大通りは馬車が余裕を持ってすれ違える道幅が確保されているようで、小麦や果物といった食料品や大量の薬のビン、中には魔物の一部と思わしき荷物を積んだ馬車までいて、徒歩の人々も馬車の進路を遮ることも気にしないで当たり前のように馬車に並んで歩いている。
人の数は日本の街とは比べ物にならないほど少ないが、その代わりに街の規模も小さいため人口密度は高い。人間以外の種族もいて、ドワーフだろう背の低い髭面の男や、猫のような耳を頭から生やした細身の女性、トカゲ頭のリザードマンなどが極自然に街の風景に溶け込んでいる。
初めて見る異世界の街並みに徹が目を奪われていると、ローガンがずいっと袋を顔の前に差し出してきた。
「これは?」
茶色い布袋に硬貨らしきものが入っているようだ。
「クラリス様のご好意だ、1千リブラある。これだけあれば10日の宿代にはなろう」
「そんな、いいんですか?」
「受け取っておけ。
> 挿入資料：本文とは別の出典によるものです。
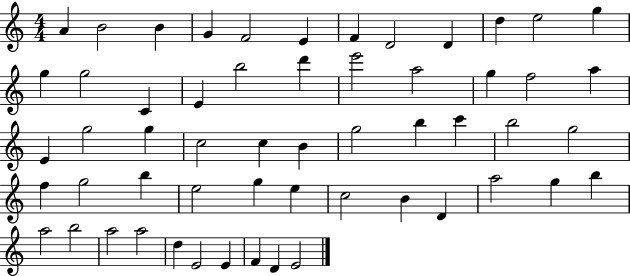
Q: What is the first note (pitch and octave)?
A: A4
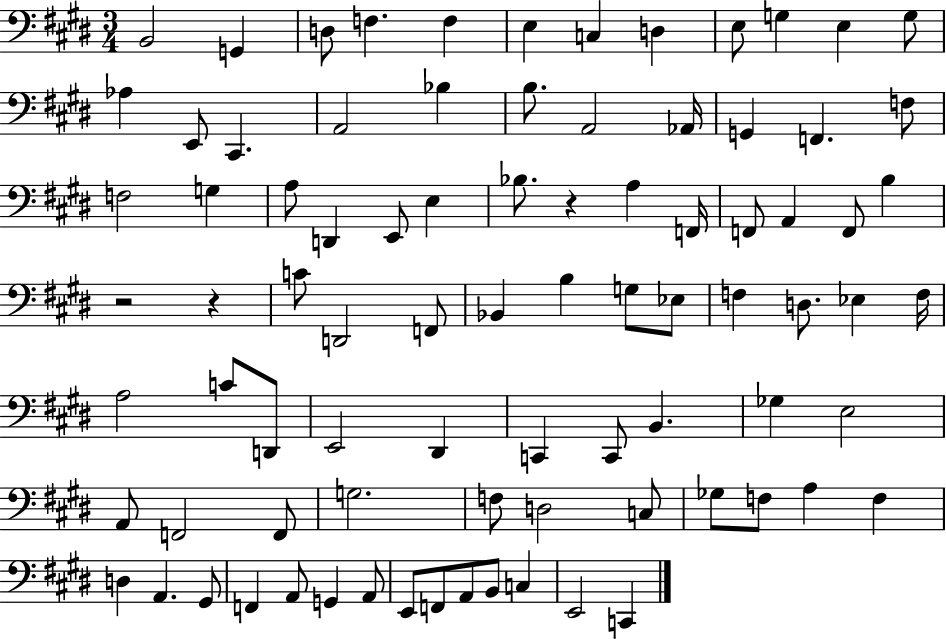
X:1
T:Untitled
M:3/4
L:1/4
K:E
B,,2 G,, D,/2 F, F, E, C, D, E,/2 G, E, G,/2 _A, E,,/2 ^C,, A,,2 _B, B,/2 A,,2 _A,,/4 G,, F,, F,/2 F,2 G, A,/2 D,, E,,/2 E, _B,/2 z A, F,,/4 F,,/2 A,, F,,/2 B, z2 z C/2 D,,2 F,,/2 _B,, B, G,/2 _E,/2 F, D,/2 _E, F,/4 A,2 C/2 D,,/2 E,,2 ^D,, C,, C,,/2 B,, _G, E,2 A,,/2 F,,2 F,,/2 G,2 F,/2 D,2 C,/2 _G,/2 F,/2 A, F, D, A,, ^G,,/2 F,, A,,/2 G,, A,,/2 E,,/2 F,,/2 A,,/2 B,,/2 C, E,,2 C,,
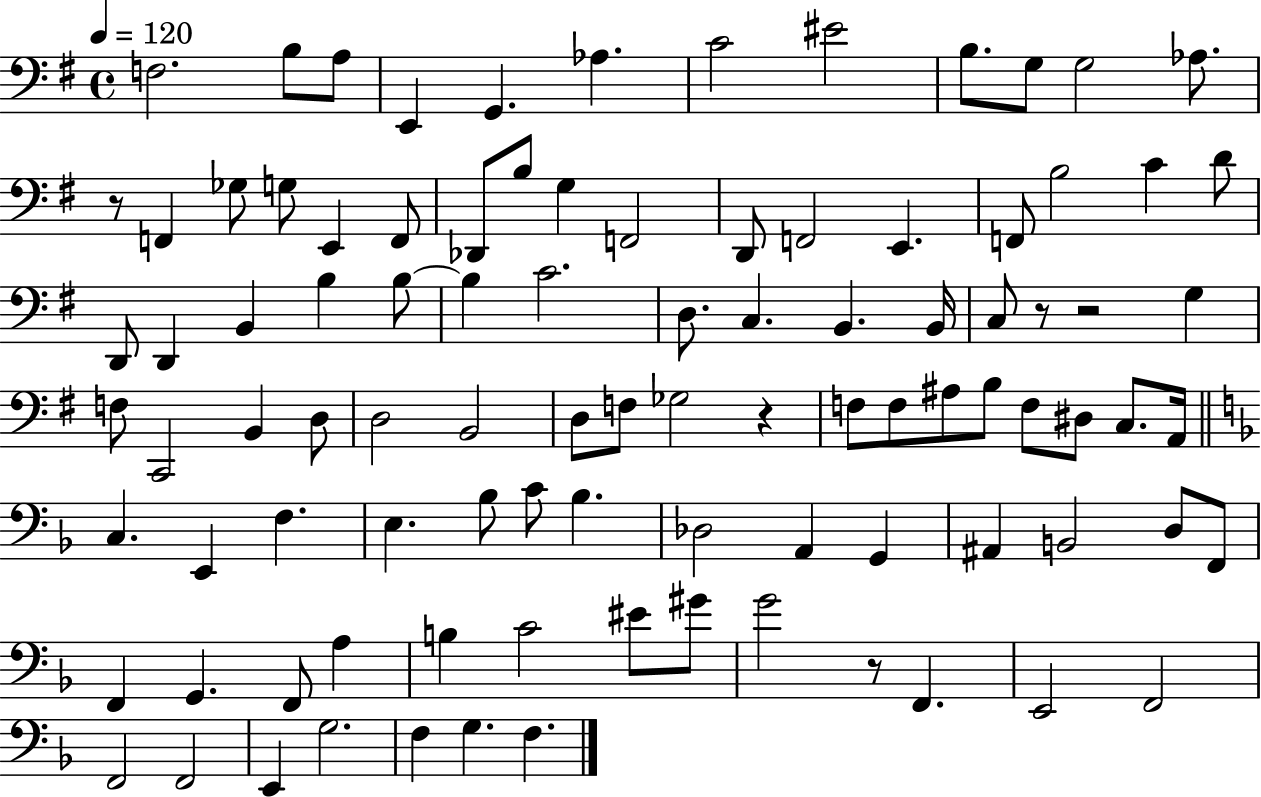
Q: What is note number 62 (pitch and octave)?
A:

まったく、クラリス様に感謝しろ」
「うう……ありがとうございます」
なんて良い人だろうか。徹は深々と馬車の方に頭を下げた。
異世界で
人の情けが
身にしみる
思わず一句詠んでしまった。季語も何もなく単に五・七・五にしただけであるが。
顔を上げるとローガンはすでにこちらに背を向け、馬車の御者台に戻っていくところだった。それに入れ替わるようにエリーシアたちが近寄ってくる。
「それじゃあトール、元気でね。また会いましょう」
「サクラちゃんも元気でね、また会えることを願っているわ」
「気をつけてな。また一緒に旅ができたらいいな」
エリーシア、エルシア、アルフレッドがそれぞれ別れの言葉をかけてくる。短い間とはいえ共に旅をした仲だ、三人とも再会を望んでくれているのが嬉しかった。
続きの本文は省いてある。